#### PROBLEM TO SOLVE
Transcribe exactly the line that contains "PAIR (2) ANTIQUE" and every line after it to the end of the entries, and nothing more.

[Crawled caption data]
════════════════

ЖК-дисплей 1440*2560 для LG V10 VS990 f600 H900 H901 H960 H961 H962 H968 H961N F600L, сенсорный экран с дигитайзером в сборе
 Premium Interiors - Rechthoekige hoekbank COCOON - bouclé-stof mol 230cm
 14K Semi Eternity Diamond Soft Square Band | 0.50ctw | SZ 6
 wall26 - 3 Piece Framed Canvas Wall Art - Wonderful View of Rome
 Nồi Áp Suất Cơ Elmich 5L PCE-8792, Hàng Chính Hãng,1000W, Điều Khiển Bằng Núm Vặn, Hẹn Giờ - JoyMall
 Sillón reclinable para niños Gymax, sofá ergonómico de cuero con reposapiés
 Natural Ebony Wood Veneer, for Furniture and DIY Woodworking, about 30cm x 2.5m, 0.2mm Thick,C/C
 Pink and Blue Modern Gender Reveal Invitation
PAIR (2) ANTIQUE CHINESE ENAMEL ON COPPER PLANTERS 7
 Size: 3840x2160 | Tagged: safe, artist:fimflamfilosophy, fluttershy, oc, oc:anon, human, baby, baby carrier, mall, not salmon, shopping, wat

════════════════

#### RESPONSE TO THE EXERCISE
PAIR (2) ANTIQUE CHINESE ENAMEL ON COPPER PLANTERS 7
 Size: 3840x2160 | Tagged: safe, artist:fimflamfilosophy, fluttershy, oc, oc:anon, human, baby, baby carrier, mall, not salmon, shopping, wat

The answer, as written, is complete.